To find the general solution of the differential equation x²y” + 2y’ = e^x, we first identify the type of equation we are dealing with. This is a linear second-order ordinary differential equation. Here’s a systematic approach to solving it:
- Rewrite the equation: The given differential equation can be expressed as:
x²y'' + 2y' - e^x = 0 - Find the complementary solution (Homogeneous part): We first solve the associated homogeneous equation:
x²y'' + 2y' = 0This is a Cauchy-Euler equation, which can be solved by assuming a solution of the form y = x^m.
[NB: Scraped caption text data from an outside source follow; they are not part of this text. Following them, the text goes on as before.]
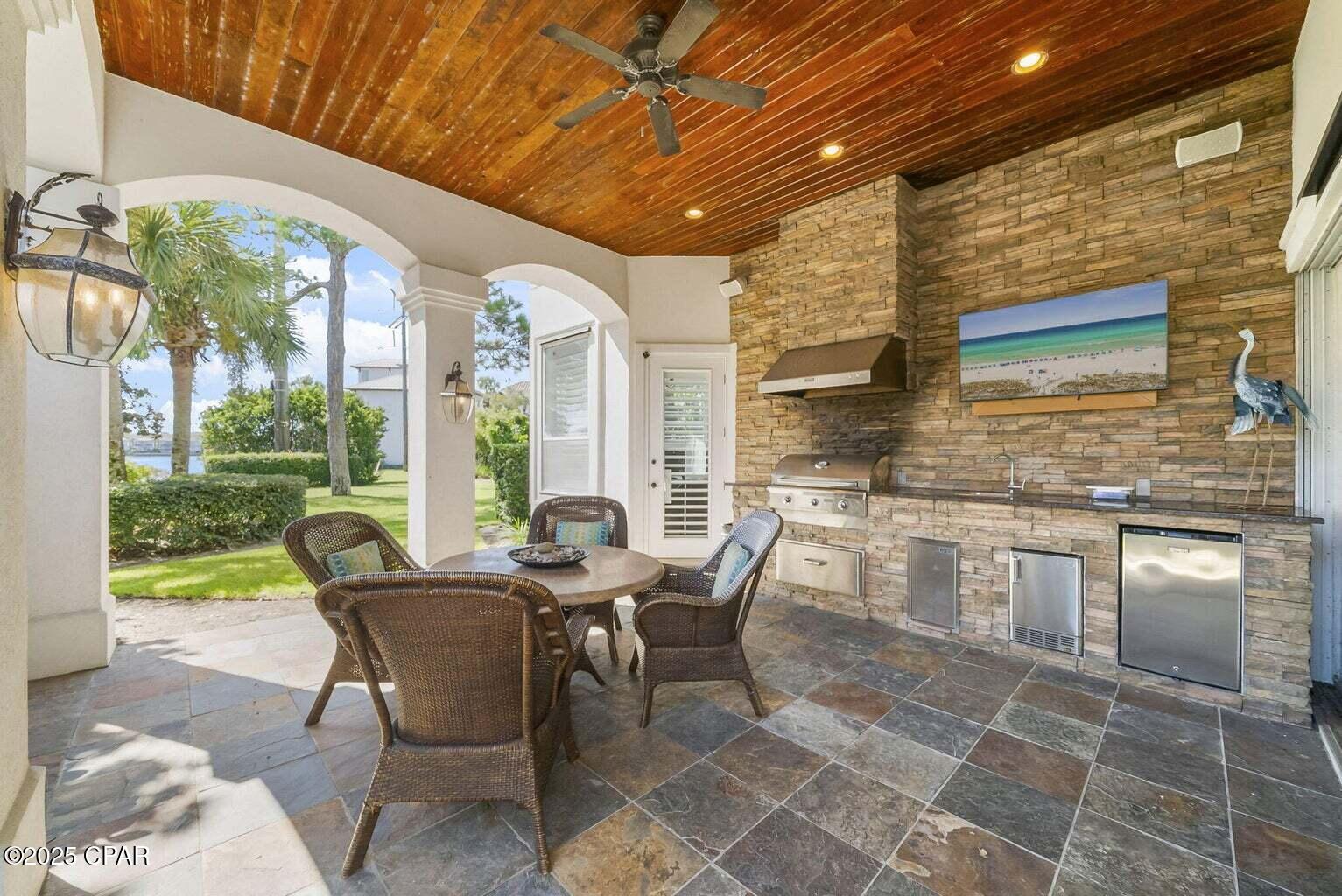 Image 14 For 4702 Seastar Vista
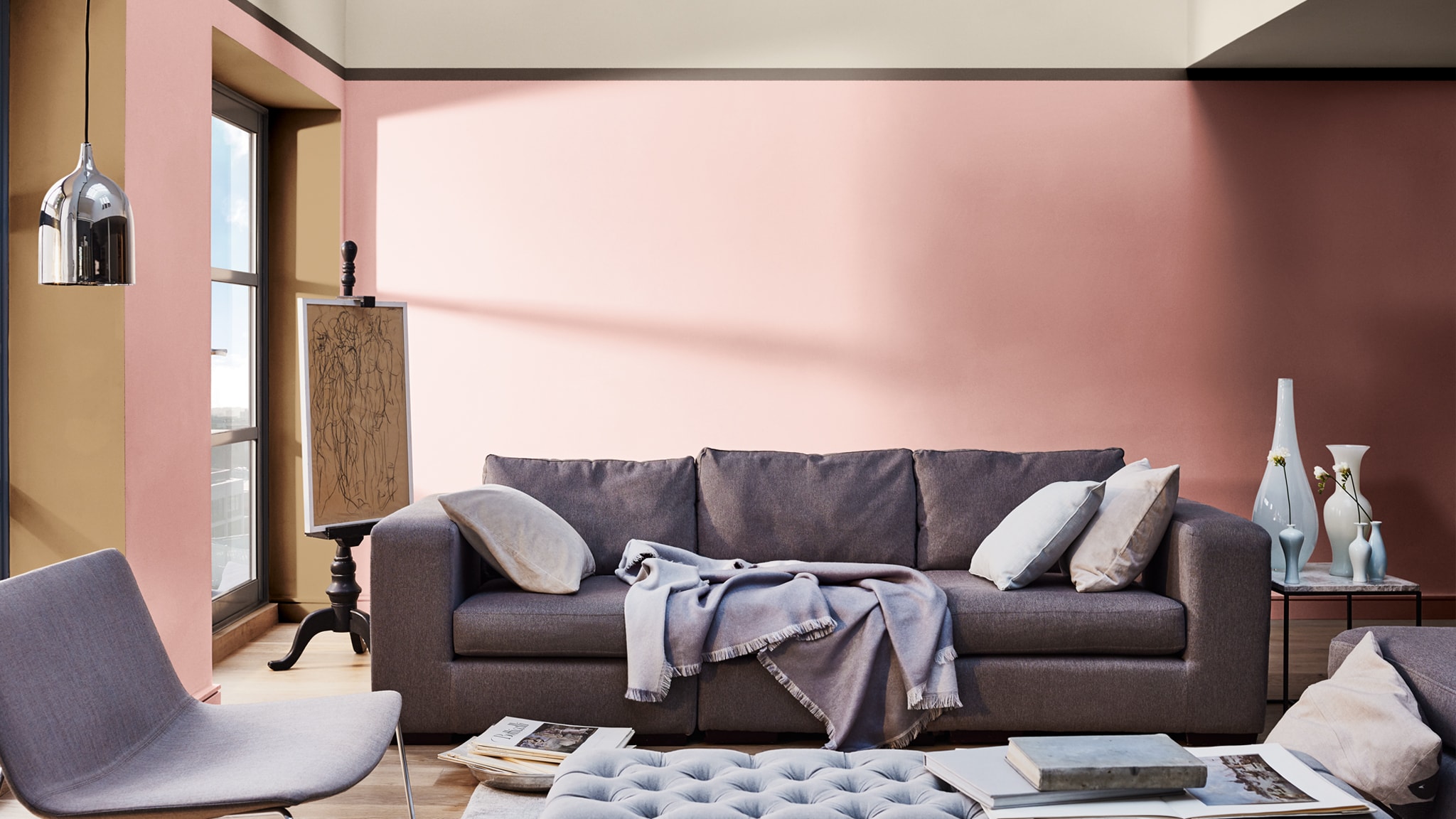En beroligende farvepalet til dagligstuen med Spiced Honey Nordsjo-colour-futures-arets-farve-2019-et-sted-man-kan-dromme-opholdsstue-inspiration-Danmark-02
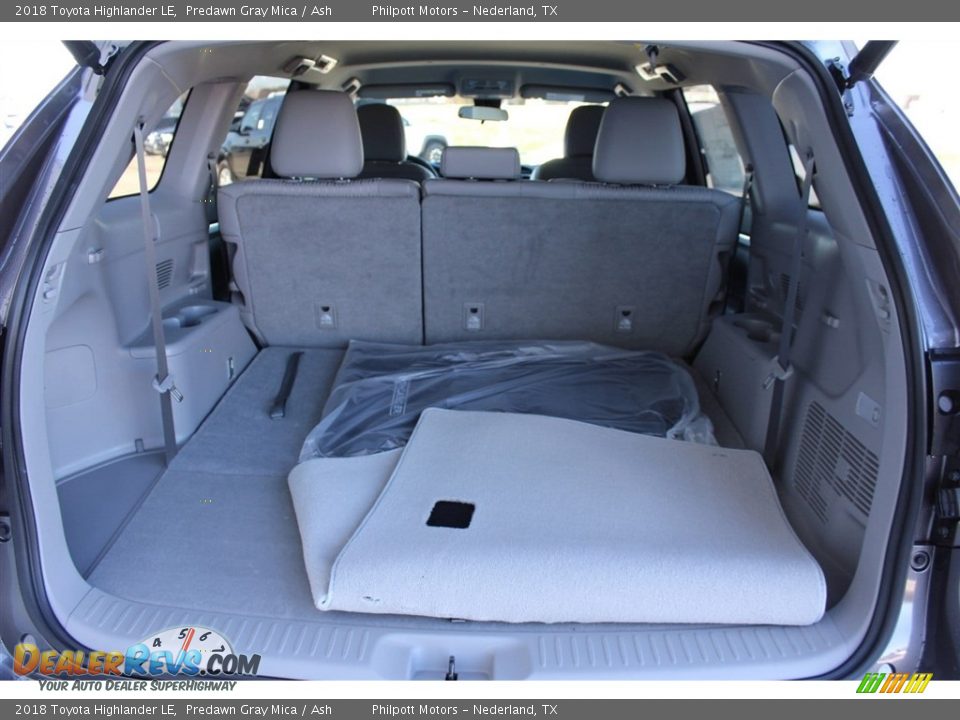 2018 Toyota Highlander LE Predawn Gray Mica / Ash Photo #27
Plugging this into the homogeneous equation leads to:
m(m-1)x^m + 2mx^{m-1} = 0
Simplifying this gives:
m(m-1) + 2m = 0
Rearranging, we can factor it as:
m(m + 1) = 0
Thus, we have two possible solutions: m = 0 and m = -1. Therefore, the complementary solution is:y_c = C₁ + C₂/x - Find the particular solution: Next, we look for a particular solution to the non-homogeneous equation. Given that the non-homogeneous term is e^x, we can try a particular solution of the form:
y_p = Ae^xwhere A is a constant to be determined. Computing the derivatives:
y_p' = Ae^x,y_p'' = Ae^xSubstituting y_p into the left side of the original equation, we get:
x^2(Ae^x) + 2(Ae^x) = e^x. Factoring out e^x, we have:
e^x(Ax^2 + 2A) = e^x
Cancelling e^x, this leads to:
Ax^2 + 2A = 1
To satisfy this for all x, coefficients must match. Therefore, we get:
A = 0 and 2A = 1
Solving gives A = 1/2. Thus, our particular solution is:y_p = (1/2)e^x - Combine solutions: The general solution is the sum of the complementary solution and the particular solution:
y = y_c + y_py = C₁ + C₂/x + (1/2)e^x
To summarize, the general solution of the differential equation x²y” + 2y’ = e^x is:
y = C₁ + C₂/x + (1/2)e^xwhere C₁ and C₂ are constants determined by initial or boundary conditions, if provided.